-- AVAILABLE DATA follows --

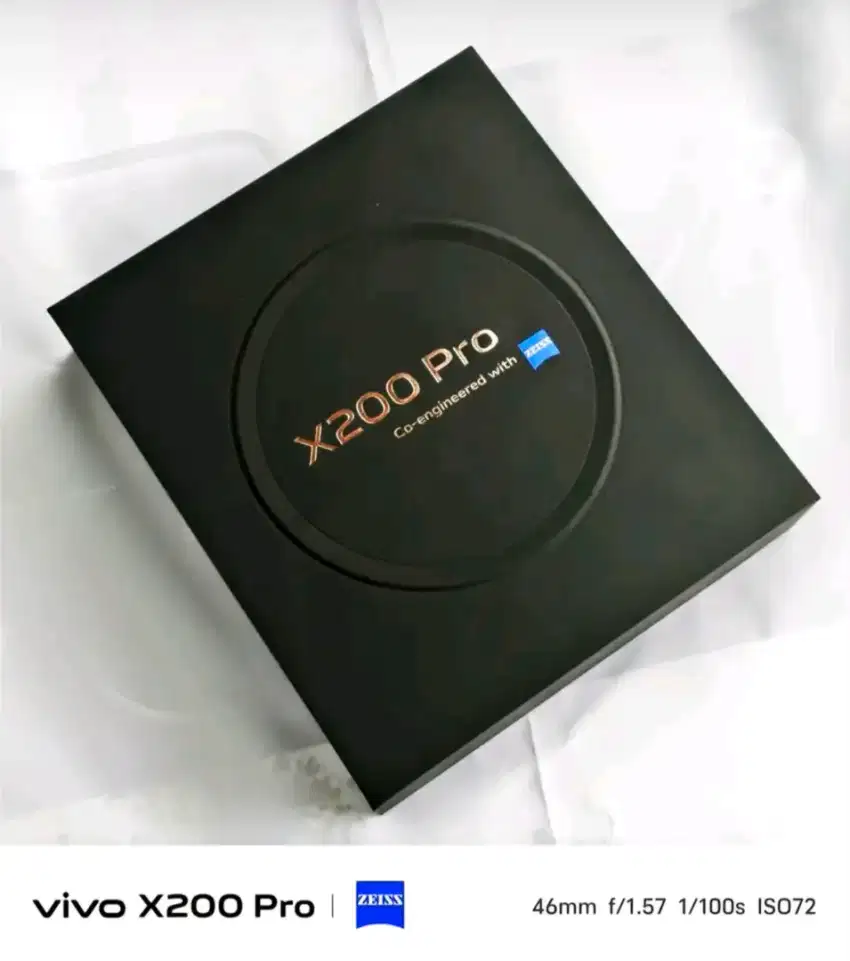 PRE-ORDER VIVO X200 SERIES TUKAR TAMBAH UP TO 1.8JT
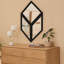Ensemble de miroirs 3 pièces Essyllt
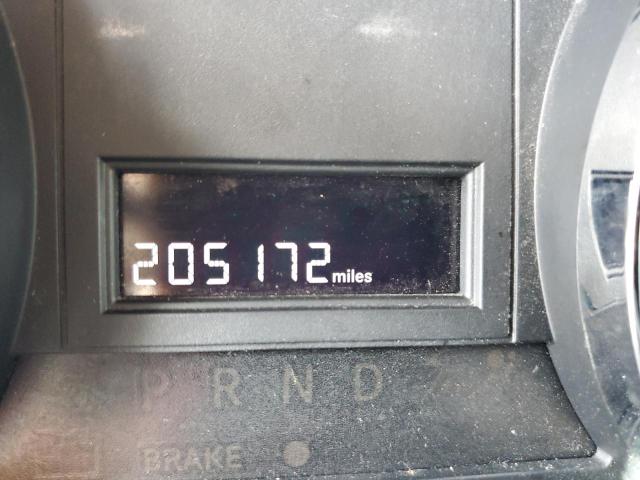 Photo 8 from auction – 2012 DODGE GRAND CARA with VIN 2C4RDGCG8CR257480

-- AVAILABLE DATA concluded --
-- AVAILABLE DATA follows --

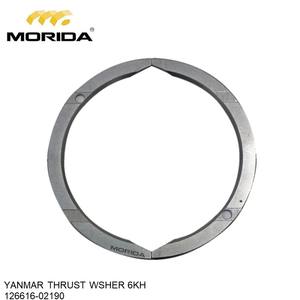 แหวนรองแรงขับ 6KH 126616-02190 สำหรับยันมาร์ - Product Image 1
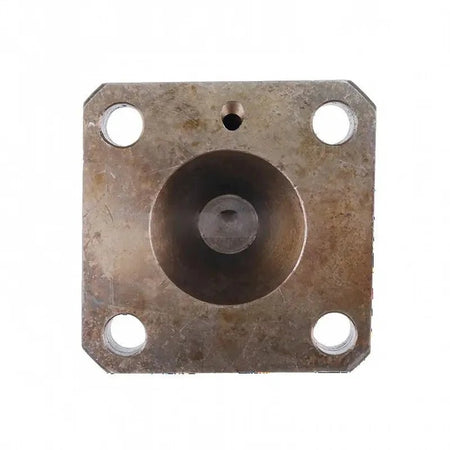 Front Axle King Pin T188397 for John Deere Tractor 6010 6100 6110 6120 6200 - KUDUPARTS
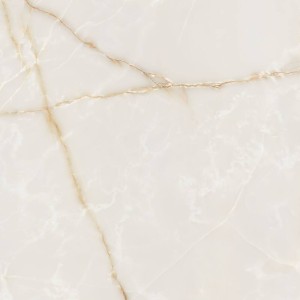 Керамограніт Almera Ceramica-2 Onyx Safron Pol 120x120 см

-- AVAILABLE DATA concluded --
-- AVAILABLE DATA follows --

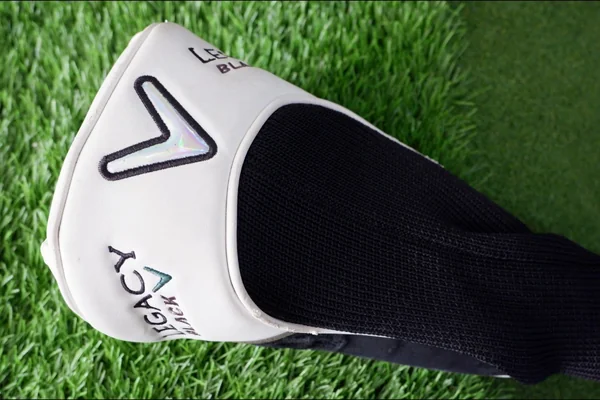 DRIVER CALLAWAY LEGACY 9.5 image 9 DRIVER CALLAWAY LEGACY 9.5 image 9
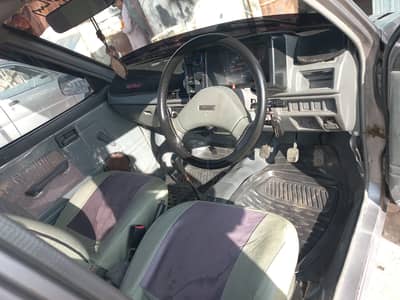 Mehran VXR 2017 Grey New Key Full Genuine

-- AVAILABLE DATA concluded --

EXERCISE DIRECTIONS
No picture is to be printed. Output exactly the lines above from the line containing "PRE-ORDER VIVO X200" through the line containing "Photo 8 from".

WRITTEN ANSWER
 PRE-ORDER VIVO X200 SERIES TUKAR TAMBAH UP TO 1.8JT
Ensemble de miroirs 3 pièces Essyllt
 Photo 8 from auction – 2012 DODGE GRAND CARA with VIN 2C4RDGCG8CR257480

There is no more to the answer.